▶ [What you will do]: Below is a listing from which only part is wanted; return exactly the lines from the one with "Bandera De Perú." up to and including the one with "Tapis De Souris".

▶ [Information shown]:
+ + + + + + +

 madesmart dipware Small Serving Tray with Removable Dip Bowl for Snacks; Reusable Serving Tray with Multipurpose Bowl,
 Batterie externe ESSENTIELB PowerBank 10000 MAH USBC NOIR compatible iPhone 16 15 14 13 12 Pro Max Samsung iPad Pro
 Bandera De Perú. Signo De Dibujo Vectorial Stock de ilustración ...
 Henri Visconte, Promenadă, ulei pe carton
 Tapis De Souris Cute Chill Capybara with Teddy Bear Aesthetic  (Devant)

+ + + + + + +

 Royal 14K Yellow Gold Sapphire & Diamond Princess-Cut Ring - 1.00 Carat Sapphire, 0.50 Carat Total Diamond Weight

+ + + + + + +

▶ [Answer box]:
 Bandera De Perú. Signo De Dibujo Vectorial Stock de ilustración ...
 Henri Visconte, Promenadă, ulei pe carton
 Tapis De Souris Cute Chill Capybara with Teddy Bear Aesthetic  (Devant)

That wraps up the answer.